Top of SUPPLIED INFORMATION

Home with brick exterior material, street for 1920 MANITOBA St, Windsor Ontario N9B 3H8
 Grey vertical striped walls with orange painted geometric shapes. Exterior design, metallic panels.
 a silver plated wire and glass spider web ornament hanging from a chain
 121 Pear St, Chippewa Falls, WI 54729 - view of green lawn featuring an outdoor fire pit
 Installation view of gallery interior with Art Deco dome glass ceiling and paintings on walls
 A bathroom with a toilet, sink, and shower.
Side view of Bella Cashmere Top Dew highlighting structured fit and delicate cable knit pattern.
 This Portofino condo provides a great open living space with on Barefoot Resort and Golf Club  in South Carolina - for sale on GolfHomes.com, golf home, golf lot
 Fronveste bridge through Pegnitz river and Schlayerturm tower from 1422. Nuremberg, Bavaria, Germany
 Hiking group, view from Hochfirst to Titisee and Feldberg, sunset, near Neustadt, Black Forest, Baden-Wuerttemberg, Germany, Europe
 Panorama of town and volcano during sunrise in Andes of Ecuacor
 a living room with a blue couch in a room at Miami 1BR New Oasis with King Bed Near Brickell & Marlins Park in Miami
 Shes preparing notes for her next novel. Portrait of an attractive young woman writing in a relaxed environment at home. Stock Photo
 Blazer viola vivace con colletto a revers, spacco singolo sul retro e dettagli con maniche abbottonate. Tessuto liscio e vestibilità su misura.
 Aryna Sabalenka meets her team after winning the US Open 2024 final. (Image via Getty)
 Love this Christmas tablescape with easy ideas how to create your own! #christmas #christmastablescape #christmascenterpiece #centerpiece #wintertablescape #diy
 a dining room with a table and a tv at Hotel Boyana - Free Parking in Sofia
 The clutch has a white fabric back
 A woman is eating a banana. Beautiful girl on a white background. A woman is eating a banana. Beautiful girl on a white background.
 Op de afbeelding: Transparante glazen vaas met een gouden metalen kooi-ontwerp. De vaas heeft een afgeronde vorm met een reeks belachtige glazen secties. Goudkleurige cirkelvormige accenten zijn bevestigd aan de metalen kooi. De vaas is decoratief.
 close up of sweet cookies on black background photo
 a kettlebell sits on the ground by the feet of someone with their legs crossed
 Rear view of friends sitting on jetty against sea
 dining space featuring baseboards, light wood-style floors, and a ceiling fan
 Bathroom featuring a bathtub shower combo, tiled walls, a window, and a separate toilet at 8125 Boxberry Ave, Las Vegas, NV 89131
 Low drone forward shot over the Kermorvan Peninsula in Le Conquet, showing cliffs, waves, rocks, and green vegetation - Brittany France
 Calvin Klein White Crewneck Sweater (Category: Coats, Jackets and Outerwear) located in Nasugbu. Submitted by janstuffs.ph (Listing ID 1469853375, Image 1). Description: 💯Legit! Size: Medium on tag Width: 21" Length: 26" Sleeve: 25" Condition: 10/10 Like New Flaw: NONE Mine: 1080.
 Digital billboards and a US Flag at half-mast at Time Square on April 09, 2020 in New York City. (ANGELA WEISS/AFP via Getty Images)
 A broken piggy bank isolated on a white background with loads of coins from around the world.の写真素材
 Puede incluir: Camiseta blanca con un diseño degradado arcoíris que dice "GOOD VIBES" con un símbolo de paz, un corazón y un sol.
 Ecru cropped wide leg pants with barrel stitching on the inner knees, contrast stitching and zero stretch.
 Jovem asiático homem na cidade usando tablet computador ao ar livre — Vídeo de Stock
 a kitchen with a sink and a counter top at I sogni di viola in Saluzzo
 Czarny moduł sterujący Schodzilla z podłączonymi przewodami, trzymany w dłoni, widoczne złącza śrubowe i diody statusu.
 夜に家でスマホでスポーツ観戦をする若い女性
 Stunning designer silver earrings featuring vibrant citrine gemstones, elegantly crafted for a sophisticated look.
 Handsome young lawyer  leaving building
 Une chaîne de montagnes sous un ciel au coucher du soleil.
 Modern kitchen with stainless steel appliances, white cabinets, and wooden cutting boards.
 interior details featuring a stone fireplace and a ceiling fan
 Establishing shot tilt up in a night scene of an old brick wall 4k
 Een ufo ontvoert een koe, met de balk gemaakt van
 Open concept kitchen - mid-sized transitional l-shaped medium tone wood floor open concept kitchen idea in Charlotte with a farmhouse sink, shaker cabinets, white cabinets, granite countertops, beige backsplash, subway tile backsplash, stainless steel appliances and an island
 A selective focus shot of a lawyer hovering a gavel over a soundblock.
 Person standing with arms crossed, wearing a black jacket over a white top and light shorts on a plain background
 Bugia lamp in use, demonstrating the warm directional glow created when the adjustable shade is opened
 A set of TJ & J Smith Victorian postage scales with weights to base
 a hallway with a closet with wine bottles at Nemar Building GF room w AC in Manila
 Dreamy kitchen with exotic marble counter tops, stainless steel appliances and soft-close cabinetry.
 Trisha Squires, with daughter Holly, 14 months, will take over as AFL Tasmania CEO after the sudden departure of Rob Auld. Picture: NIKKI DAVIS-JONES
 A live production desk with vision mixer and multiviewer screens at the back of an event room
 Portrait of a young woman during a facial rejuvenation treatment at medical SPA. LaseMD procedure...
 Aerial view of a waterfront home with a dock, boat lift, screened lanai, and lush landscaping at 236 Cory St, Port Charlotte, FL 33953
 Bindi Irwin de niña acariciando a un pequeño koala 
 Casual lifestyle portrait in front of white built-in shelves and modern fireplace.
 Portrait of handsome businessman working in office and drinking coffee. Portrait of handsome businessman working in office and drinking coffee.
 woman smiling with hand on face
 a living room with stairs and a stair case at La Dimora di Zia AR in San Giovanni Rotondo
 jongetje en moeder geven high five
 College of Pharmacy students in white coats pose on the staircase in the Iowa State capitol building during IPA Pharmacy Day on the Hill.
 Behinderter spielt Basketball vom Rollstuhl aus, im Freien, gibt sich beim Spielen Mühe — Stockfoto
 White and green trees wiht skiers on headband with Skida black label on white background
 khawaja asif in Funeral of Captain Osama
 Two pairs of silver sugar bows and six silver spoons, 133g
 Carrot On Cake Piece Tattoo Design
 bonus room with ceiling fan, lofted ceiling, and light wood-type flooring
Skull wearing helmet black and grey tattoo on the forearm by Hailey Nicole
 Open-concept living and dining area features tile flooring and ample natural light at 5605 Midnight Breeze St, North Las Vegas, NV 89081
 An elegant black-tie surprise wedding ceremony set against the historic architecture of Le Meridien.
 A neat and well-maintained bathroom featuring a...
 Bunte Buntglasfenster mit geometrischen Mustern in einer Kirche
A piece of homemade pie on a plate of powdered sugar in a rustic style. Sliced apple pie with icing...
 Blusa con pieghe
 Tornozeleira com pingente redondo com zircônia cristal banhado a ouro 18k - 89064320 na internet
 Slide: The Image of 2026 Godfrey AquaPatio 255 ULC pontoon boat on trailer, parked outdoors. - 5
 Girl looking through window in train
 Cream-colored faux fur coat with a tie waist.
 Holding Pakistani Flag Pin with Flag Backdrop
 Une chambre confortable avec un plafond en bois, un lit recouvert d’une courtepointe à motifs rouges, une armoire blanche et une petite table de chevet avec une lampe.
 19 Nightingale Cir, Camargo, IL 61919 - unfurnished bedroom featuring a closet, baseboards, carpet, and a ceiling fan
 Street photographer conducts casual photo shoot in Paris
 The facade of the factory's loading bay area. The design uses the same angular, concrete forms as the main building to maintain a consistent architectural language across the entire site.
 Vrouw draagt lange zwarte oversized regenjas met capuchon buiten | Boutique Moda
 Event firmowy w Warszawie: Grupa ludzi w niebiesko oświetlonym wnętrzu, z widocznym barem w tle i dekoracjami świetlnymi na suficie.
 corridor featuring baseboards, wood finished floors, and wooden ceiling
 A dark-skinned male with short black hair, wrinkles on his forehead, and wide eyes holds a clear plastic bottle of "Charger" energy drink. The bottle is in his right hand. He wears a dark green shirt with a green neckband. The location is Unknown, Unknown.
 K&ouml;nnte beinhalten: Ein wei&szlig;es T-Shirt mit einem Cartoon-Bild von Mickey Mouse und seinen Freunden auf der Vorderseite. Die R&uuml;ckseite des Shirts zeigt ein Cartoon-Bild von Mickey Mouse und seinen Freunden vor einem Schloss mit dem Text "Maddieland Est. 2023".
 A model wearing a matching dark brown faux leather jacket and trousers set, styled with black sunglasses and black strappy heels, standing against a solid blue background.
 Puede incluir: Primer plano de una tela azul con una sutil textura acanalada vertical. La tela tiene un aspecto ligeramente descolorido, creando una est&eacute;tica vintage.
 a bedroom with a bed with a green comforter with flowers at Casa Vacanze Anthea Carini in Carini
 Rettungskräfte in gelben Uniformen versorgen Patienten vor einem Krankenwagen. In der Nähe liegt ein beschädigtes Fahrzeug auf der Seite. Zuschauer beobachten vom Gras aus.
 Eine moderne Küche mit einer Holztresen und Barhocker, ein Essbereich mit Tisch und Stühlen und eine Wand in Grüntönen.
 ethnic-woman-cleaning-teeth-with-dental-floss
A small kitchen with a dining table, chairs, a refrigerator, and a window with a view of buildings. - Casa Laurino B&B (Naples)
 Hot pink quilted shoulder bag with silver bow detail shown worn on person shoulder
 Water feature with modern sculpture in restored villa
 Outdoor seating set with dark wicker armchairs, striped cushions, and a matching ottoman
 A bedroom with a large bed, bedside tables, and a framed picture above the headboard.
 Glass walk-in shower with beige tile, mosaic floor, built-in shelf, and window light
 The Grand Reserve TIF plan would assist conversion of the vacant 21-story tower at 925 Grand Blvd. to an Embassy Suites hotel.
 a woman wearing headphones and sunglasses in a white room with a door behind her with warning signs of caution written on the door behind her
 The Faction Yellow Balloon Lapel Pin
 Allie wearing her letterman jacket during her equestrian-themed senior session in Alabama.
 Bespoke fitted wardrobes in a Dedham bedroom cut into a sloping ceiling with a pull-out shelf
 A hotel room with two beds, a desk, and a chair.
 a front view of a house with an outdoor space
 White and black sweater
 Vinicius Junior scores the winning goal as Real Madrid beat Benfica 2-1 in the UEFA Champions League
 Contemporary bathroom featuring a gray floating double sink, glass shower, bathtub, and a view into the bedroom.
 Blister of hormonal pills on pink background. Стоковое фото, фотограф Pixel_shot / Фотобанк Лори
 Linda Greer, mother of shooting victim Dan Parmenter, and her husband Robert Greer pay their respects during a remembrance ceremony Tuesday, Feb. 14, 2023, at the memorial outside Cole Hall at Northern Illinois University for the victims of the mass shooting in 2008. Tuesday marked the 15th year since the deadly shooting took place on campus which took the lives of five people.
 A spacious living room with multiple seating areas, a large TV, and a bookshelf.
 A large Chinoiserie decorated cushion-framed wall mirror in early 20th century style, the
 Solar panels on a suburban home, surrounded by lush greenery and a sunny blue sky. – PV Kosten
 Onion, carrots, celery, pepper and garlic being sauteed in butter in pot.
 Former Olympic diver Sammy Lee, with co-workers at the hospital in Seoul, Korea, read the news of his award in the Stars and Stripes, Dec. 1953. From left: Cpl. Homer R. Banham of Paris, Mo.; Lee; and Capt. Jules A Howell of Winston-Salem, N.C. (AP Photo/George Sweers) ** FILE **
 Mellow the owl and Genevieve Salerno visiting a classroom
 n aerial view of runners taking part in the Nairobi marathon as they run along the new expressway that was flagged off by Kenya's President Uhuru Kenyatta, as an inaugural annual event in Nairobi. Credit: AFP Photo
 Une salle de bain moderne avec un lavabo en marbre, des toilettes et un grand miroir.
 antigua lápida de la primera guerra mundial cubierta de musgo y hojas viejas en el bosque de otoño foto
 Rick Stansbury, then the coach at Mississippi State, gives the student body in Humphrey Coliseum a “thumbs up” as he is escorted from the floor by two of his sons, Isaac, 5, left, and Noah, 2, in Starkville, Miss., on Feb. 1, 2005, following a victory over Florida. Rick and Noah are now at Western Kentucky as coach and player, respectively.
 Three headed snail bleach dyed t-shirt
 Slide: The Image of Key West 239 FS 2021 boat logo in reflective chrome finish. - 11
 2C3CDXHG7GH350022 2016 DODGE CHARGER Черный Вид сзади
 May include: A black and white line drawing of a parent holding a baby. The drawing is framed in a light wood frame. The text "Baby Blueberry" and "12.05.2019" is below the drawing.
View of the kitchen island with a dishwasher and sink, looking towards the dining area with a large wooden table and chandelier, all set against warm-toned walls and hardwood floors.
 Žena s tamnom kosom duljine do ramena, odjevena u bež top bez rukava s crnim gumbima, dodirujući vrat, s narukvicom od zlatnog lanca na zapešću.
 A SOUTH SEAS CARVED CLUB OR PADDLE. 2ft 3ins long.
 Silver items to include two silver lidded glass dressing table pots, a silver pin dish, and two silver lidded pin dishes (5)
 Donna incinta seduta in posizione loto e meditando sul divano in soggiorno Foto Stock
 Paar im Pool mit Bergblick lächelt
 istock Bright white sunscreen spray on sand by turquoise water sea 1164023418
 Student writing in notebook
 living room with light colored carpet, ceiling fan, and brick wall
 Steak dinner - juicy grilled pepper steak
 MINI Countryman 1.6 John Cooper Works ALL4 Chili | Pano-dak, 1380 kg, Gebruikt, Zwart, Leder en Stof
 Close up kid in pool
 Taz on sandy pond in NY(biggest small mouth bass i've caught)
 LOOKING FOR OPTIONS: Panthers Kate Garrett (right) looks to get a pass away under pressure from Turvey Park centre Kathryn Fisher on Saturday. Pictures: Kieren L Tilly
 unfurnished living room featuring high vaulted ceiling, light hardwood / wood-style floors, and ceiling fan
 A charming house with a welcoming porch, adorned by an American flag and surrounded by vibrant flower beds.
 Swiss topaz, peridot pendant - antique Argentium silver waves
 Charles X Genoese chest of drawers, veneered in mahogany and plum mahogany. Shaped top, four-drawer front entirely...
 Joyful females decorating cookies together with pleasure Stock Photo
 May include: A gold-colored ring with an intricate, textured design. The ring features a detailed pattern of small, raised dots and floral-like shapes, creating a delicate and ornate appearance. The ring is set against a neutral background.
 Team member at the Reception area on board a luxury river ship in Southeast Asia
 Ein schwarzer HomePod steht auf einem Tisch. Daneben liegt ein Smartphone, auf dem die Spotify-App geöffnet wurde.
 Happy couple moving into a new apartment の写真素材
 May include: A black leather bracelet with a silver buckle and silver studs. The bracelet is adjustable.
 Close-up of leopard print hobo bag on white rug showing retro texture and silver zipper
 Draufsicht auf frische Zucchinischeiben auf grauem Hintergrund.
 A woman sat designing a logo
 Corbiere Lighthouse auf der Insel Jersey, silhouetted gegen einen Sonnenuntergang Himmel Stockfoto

Bottom of SUPPLIED INFORMATION

EXERCISE DETAILS:
Please transcribe the records exactly from their first line through the line holding "a dining room", and leave out all others.

TASK RESPONSE:
Home with brick exterior material, street for 1920 MANITOBA St, Windsor Ontario N9B 3H8
 Grey vertical striped walls with orange painted geometric shapes. Exterior design, metallic panels.
 a silver plated wire and glass spider web ornament hanging from a chain
 121 Pear St, Chippewa Falls, WI 54729 - view of green lawn featuring an outdoor fire pit
 Installation view of gallery interior with Art Deco dome glass ceiling and paintings on walls
 A bathroom with a toilet, sink, and shower.
Side view of Bella Cashmere Top Dew highlighting structured fit and delicate cable knit pattern.
 This Portofino condo provides a great open living space with on Barefoot Resort and Golf Club  in South Carolina - for sale on GolfHomes.com, golf home, golf lot
 Fronveste bridge through Pegnitz river and Schlayerturm tower from 1422. Nuremberg, Bavaria, Germany
 Hiking group, view from Hochfirst to Titisee and Feldberg, sunset, near Neustadt, Black Forest, Baden-Wuerttemberg, Germany, Europe
 Panorama of town and volcano during sunrise in Andes of Ecuacor
 a living room with a blue couch in a room at Miami 1BR New Oasis with King Bed Near Brickell & Marlins Park in Miami
 Shes preparing notes for her next novel. Portrait of an attractive young woman writing in a relaxed environment at home. Stock Photo
 Blazer viola vivace con colletto a revers, spacco singolo sul retro e dettagli con maniche abbottonate. Tessuto liscio e vestibilità su misura.
 Aryna Sabalenka meets her team after winning the US Open 2024 final. (Image via Getty)
 Love this Christmas tablescape with easy ideas how to create your own! #christmas #christmastablescape #christmascenterpiece #centerpiece #wintertablescape #diy
 a dining room with a table and a tv at Hotel Boyana - Free Parking in Sofia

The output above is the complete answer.